#### What you need to do:
Given these entries, repeat exactly the lines starting with the one that has "Shop Les Hommes" and going on through the one that has "Ideal Lux - Lampada", both included, but none of the pictures.

#### Data extract:
* * *

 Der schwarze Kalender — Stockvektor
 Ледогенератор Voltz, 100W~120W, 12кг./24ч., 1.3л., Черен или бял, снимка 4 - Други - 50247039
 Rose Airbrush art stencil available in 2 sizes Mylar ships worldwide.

* * *

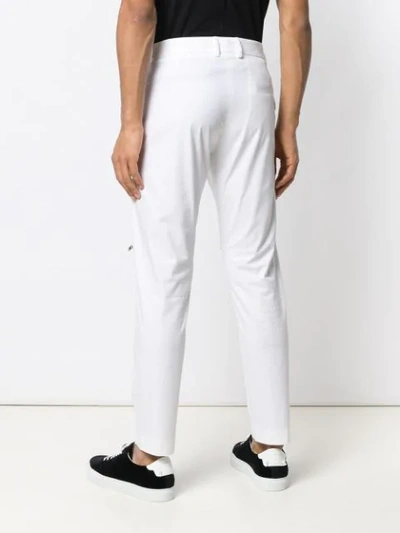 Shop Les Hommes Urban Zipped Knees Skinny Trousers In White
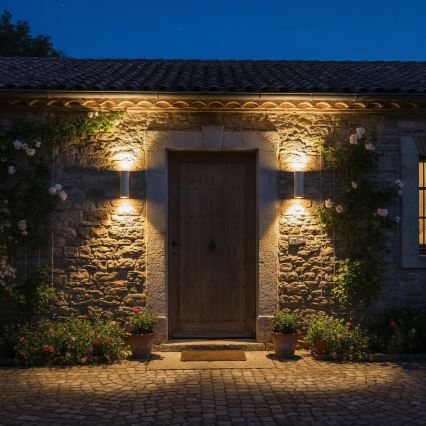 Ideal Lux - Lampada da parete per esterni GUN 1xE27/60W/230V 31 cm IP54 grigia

* * *

#### Task solution:
 Shop Les Hommes Urban Zipped Knees Skinny Trousers In White
 Ideal Lux - Lampada da parete per esterni GUN 1xE27/60W/230V 31 cm IP54 grigia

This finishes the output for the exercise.